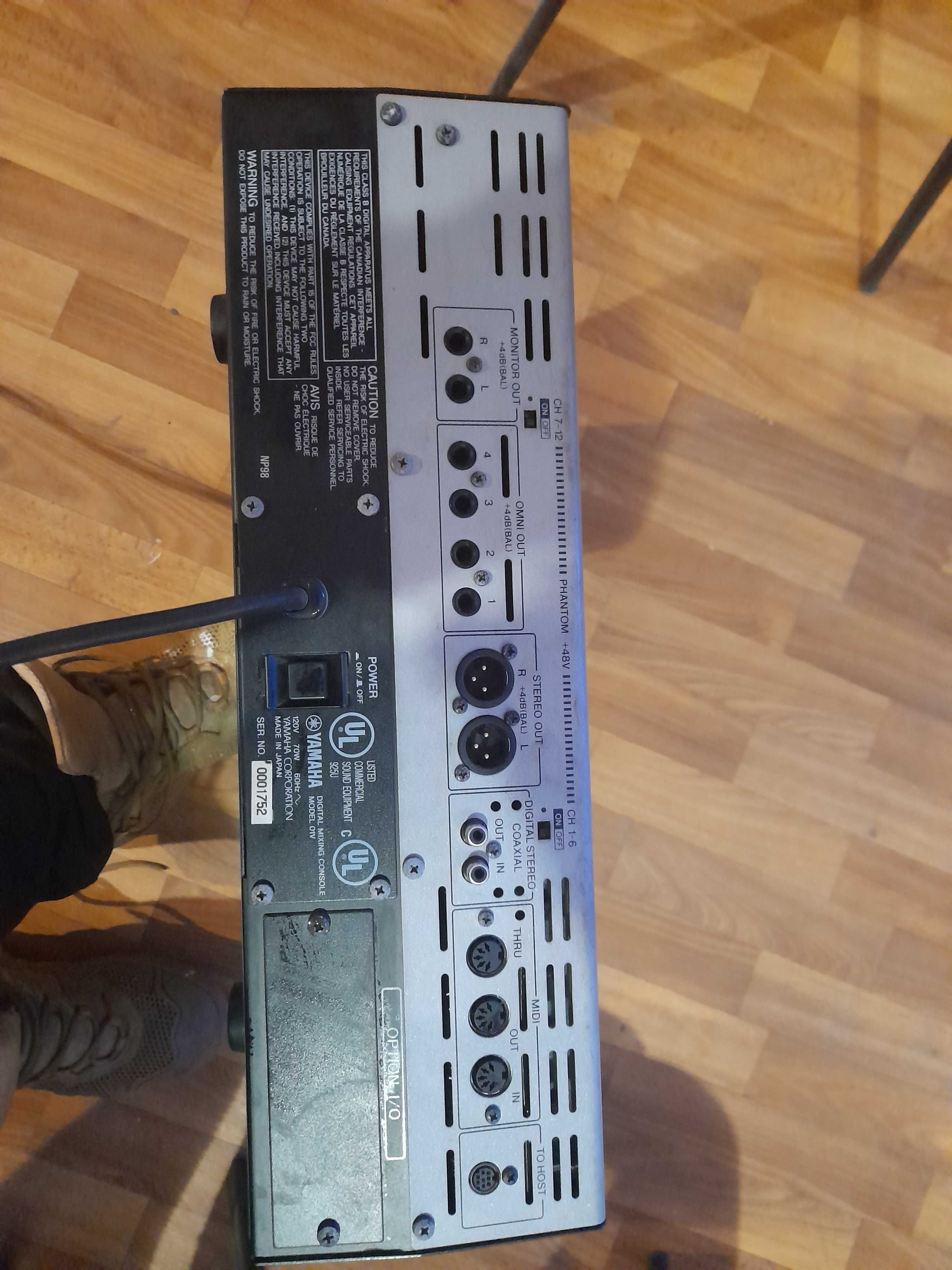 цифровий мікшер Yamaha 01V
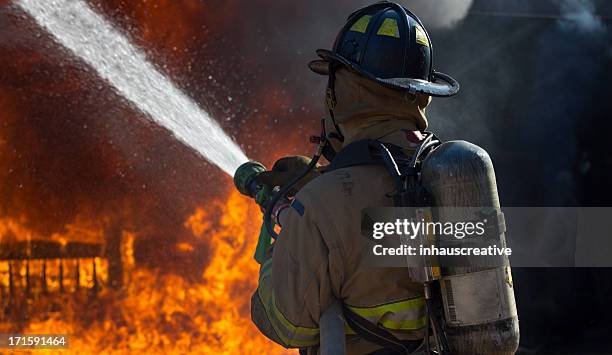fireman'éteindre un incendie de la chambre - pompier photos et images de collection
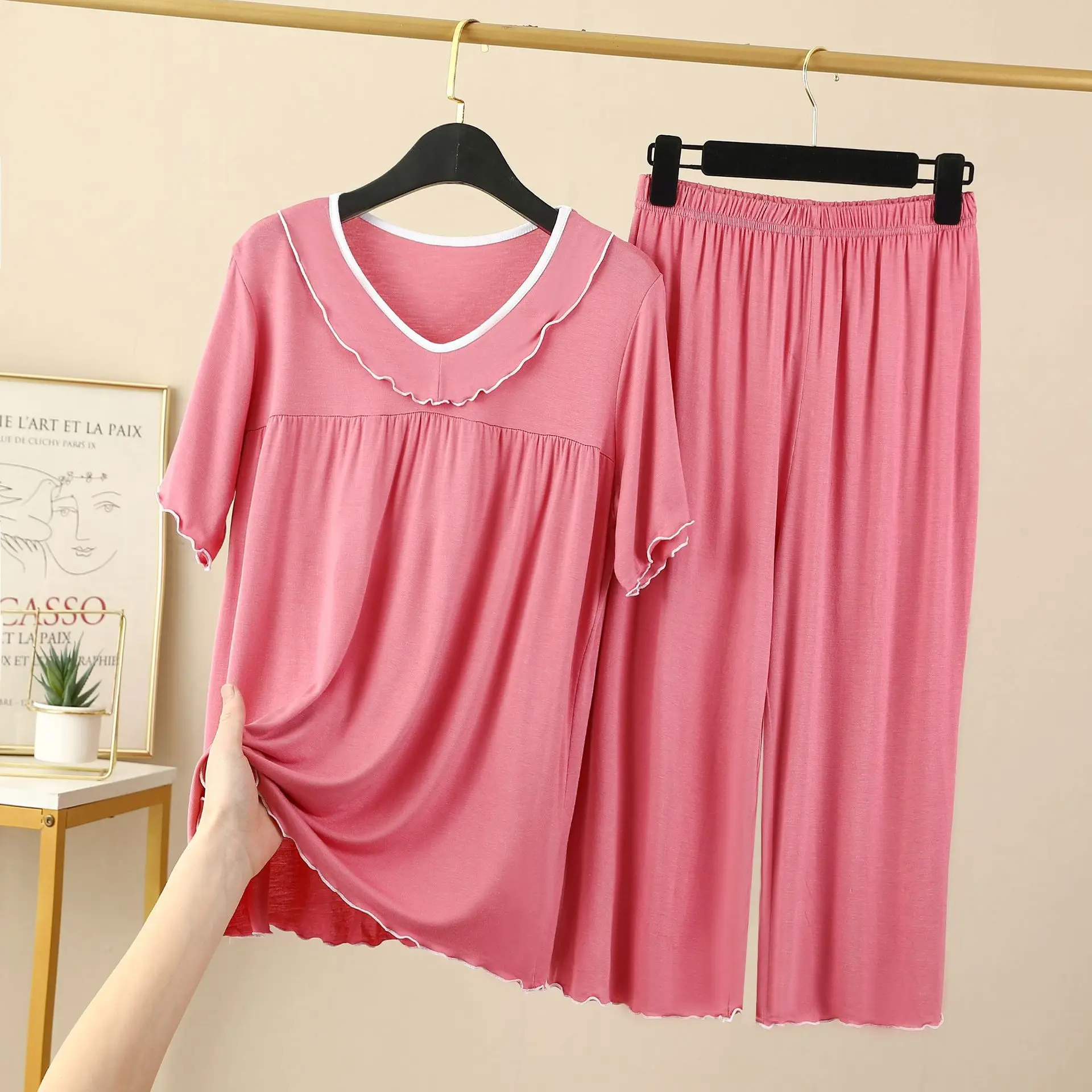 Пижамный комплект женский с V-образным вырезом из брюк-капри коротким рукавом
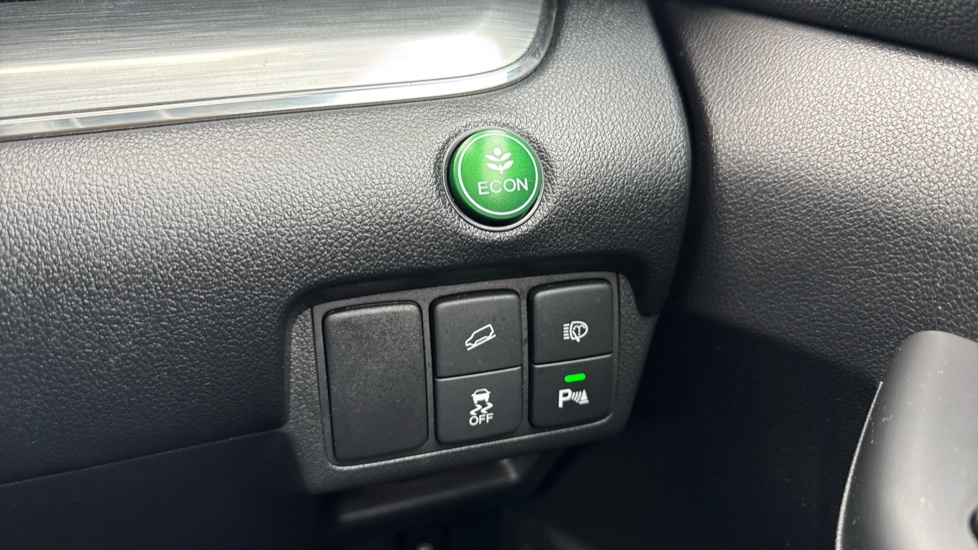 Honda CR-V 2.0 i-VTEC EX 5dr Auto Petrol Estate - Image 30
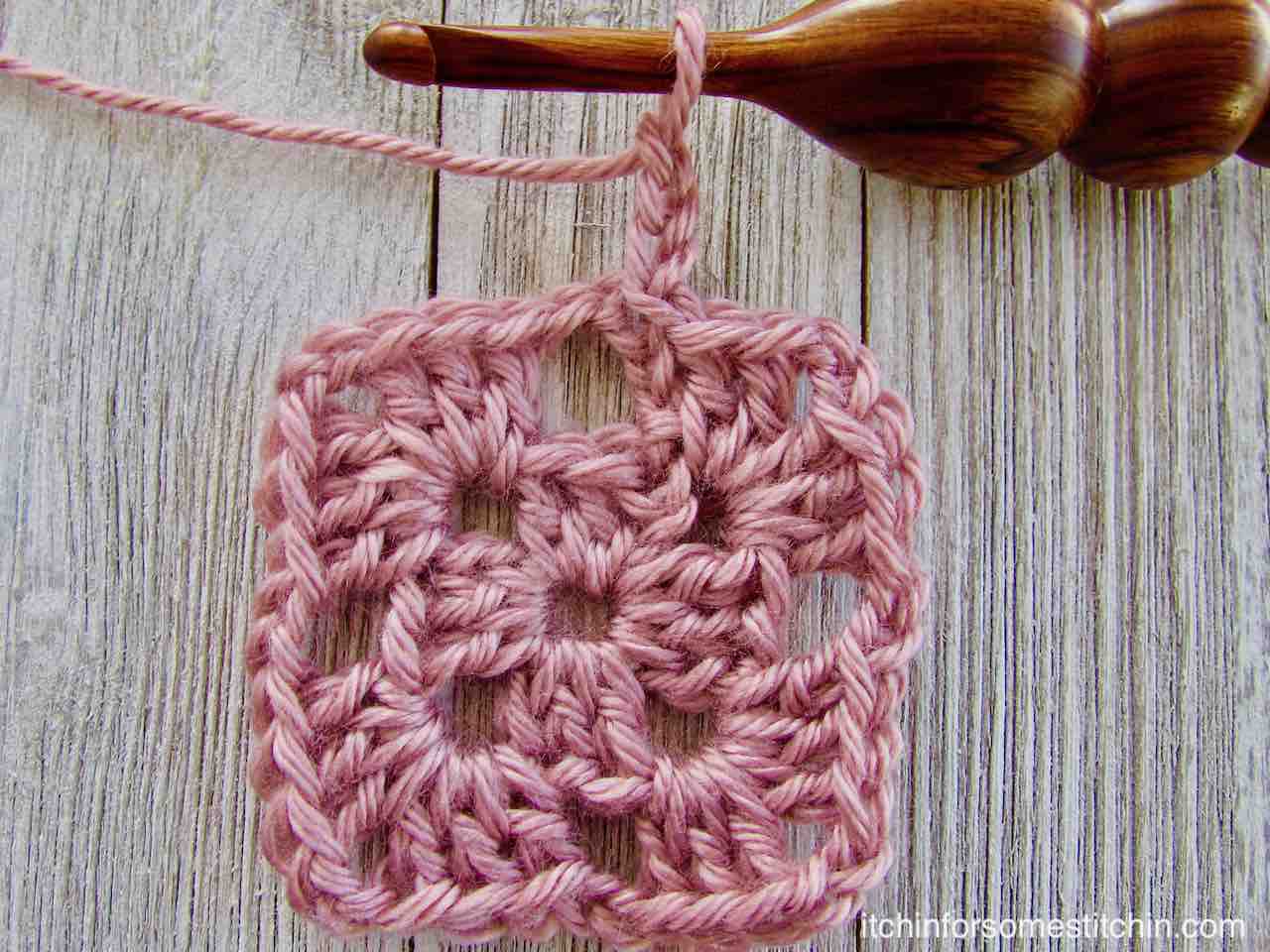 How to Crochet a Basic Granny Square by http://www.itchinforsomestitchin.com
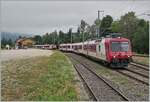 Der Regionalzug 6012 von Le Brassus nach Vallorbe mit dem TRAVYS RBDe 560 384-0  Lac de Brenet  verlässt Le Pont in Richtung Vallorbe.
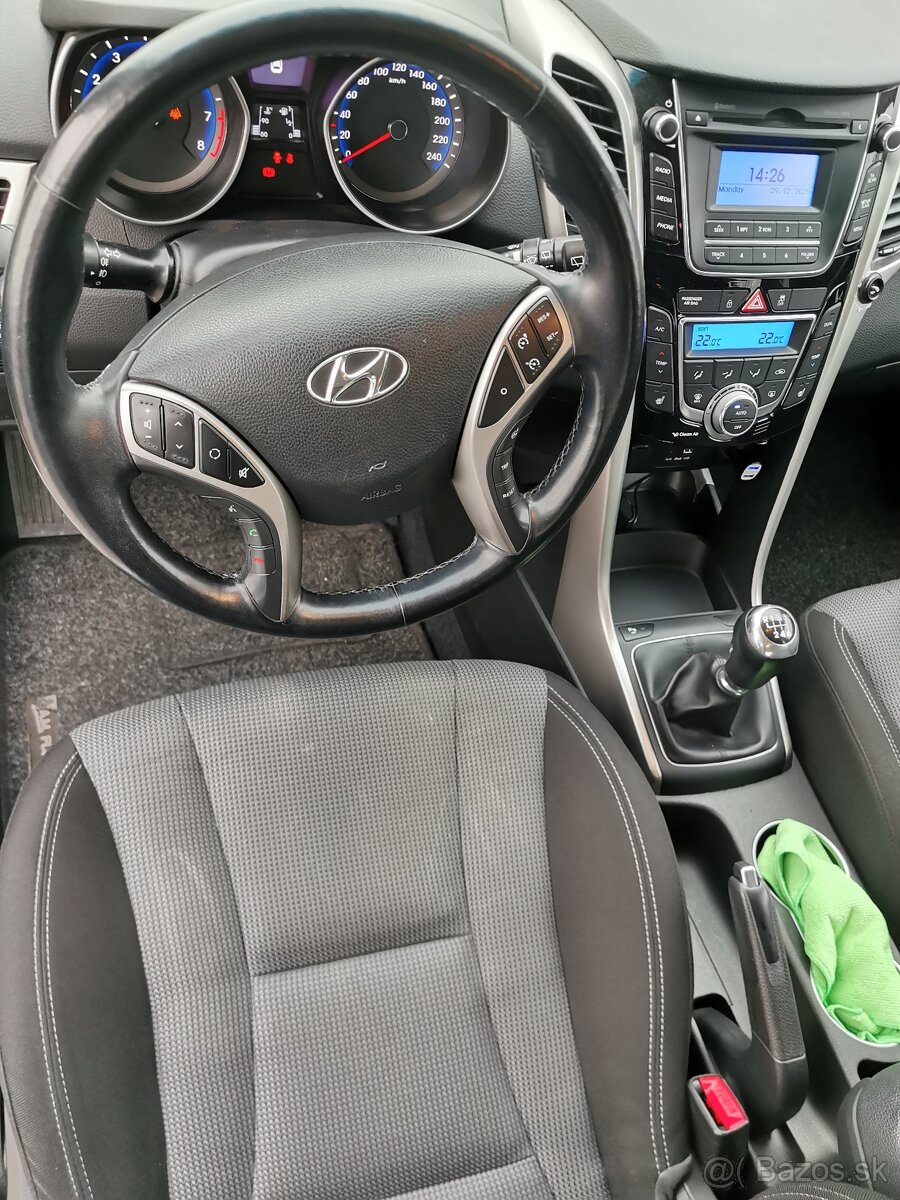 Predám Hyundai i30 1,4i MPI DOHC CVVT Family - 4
━━━━━━━━━━━━━━━━
> **WHAT THE TASK REQUIRES**: Could you retype exactly the lines running from the one with "How to Crochet" to the end of the material above, pictures omitted?

> **OUTPUT OF THE EXERCISE**:
 How to Crochet a Basic Granny Square by http://www.itchinforsomestitchin.com
 Der Regionalzug 6012 von Le Brassus nach Vallorbe mit dem TRAVYS RBDe 560 384-0  Lac de Brenet  verlässt Le Pont in Richtung Vallorbe.
 Predám Hyundai i30 1,4i MPI DOHC CVVT Family - 4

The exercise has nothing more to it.